NuScale Power Corporation has submitted an application for approval of its updated small modular reactor design to US nuclear regulators. The company has also signed a contract with Romania's RoPower Nuclear S.A. for front-end engineering and design work toward the deployment of a VOYGR-6 SMR power plant at Doicești.How a VOYGR-6 plant at Idaho National Laboratory might look (Image: UAMPS)
The NuScale Power Module, on which the company's VOYGR plants are based, is a pressurised water reactor incorporating all the components for steam generation and heat exchange. The US Nuclear Regulatory Commission (NRC) issued a Final Safety Evaluation Report (FSER) for the design in September 2020, approving it for use in the USA - the only SMR design to date to receive such approval. Later that year, after further studies supported by increased analysis and test data, NuScale concluded that the technology could generate 25% more power per module, for a total of 77 MWe per module (gross). It therefore decided to seek approval of a six-module design, instead of the 12-module configuration that was in the previously approved design.

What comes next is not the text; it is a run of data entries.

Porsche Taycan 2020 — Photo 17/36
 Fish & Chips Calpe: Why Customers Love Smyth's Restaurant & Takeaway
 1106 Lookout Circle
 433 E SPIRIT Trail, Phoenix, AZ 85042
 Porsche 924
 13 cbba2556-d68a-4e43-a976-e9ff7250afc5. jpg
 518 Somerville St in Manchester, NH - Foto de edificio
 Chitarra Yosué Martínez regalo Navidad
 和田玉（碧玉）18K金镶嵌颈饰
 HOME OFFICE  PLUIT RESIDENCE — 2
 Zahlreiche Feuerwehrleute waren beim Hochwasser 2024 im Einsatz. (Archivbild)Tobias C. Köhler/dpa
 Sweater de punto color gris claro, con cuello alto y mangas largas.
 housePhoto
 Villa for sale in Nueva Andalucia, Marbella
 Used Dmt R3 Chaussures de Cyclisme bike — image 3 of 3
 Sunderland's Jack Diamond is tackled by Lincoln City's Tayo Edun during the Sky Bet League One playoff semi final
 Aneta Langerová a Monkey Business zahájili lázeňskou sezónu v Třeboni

The Portland, Oregon-headquartered company said it completed the submission of its Standard Design Approval (SDA) application for the updated design - based on the six-module VOYGR-6 plant configuration, powered by the 77 MWe module - on 1 January. The design features the same fundamental safety case and passive safety features approved by the NRC in 2020, the company said.
NuScale President and CEO John Hopkins described the submission of the SDA application as "another critical regulatory milestone" for the company. "Customers already appreciate that our SMR is unmatched in reliability and safety. Today's announcement solidifies our technological superiority and does so within our previously stated commercialisation timeline," he added.
NuScale said it has submitted all parts of the application to the NRC including the entire Final Safety Analysis Report and all technical reports, which are incorporated by reference into the FSAR. Three additional Licensing Topical Reports are expected to be submitted by NuScale in the coming days. The NRC's previous approval "has set the stage for an efficient and effective review of the second SDA application", the company said.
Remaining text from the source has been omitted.